企業向けEV導入ソリューションの具体策は以下になる。

①車両活用最適化:車両台数、車両構成、充電環境、給電、運用方法、カーシェア連携など導入から運用まで総合的に提案

企業の車両の活用最適化方策として、現在利用している車の車種、車型、年式、用途、利用記録等の基礎データを各種観点から分析し、現在の需要を満たす最適車両台数、車種構成、EV転換可能な車両、などを明らかにする。

さらに、休日など車両の非稼働時にはカーシェアによってコスト低減をはかるなど、EVの導入から運用に至るまでの総合的な提案を行う。

②EV導入コストの低減:リユースEVまたはリボーンEVの活用

従来は利用期間中のバッテリー劣化や利用環境における航続距離性能が不明などの理由で普及が進まなかったリユースEVやリボーンEVを安心して活用できるソリューションの提供を行い、EV導入コストの削減を目指す。

具体的には、新車と異なり個々に劣化状態が異なるリユースEVの情報(年式、車型、走行距離、車体色、キズ、バッテリー状態ほか)を集約・管理する「EVクラウドデータベース」を構築。

次に、ユーザーの利用環境や用途から利用期間中の車両劣化(車体・部品・バッテリー等)を高精度に推定する独自アルゴリズムを用いて、利用用途にマッチしたリユースEVを選抜、決定する。

このソリューションにより、車両の利用期間中、必要十分な性能や品質を維持しながら、リユースEVやリボーンEVを利用できるとのことだ。

③EV運用管理:リユースEV/リボーンEVの航続距離、バッテリー劣化などに不安を感じることなく利用できるの運用管理、支援システム 

リユースEVやリボーンEVを日常的に不安なく利用してもらうため、バッテリー残量や航続距離などEVから得られたデータをクラウド活用によりリアルタイムで見える化する。

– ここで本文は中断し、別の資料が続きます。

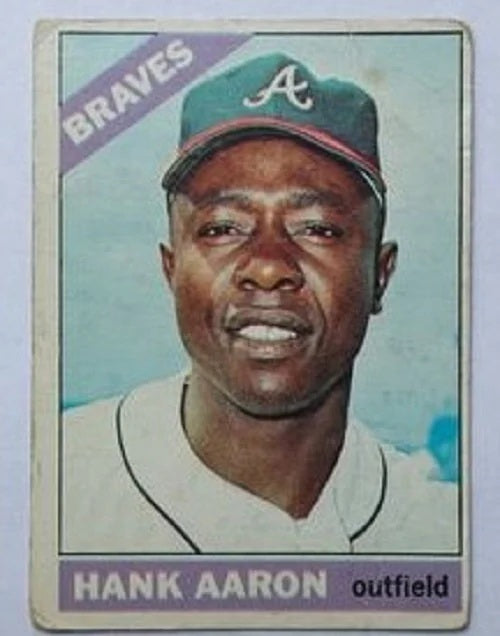 1966 Topps baseball Hank Aaron #500, BRAVES (HOF)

さらに、EVのみならず、EV充電器、EV給電器、蓄電池などの関連機器データを集約、可視化することで、カーシェアリング、自治体の防災・エネルギーシステム等との連携を目指す。

今後は、一連の企業向けEV導入ソリューションを提供するために、東京電力パワーグリッドの社内実証の場を活用し、バッテリーの劣化推定を行うための車両データ収集基盤を構築すると共に、バッテリー残量、航続距離、充電状況などを可視化するシステムを提供し、運用検証を行うという。

さらに、各種データの見える化機能を応用し、同社の東京都江東区の敷地内駐車場にあるEVを休日に近隣住民にもカーシェアリングする実証実験も行うとのことだ。

業務用EVを近隣住民の方々にもシェアすることで、企業の車両維持費用を削減するのみならず、シェアリングエコノミー社会の推進を支援するとしている。

また、今回のソリューションの特徴であるEVと関連機器の情報がクラウド上で一元管理される特性を活かし、今後は、平時における各種イベント用電源利用や、災害時における非常電源利用など、「動く蓄電池」としてのEV活用も検討していく予定とのことだ。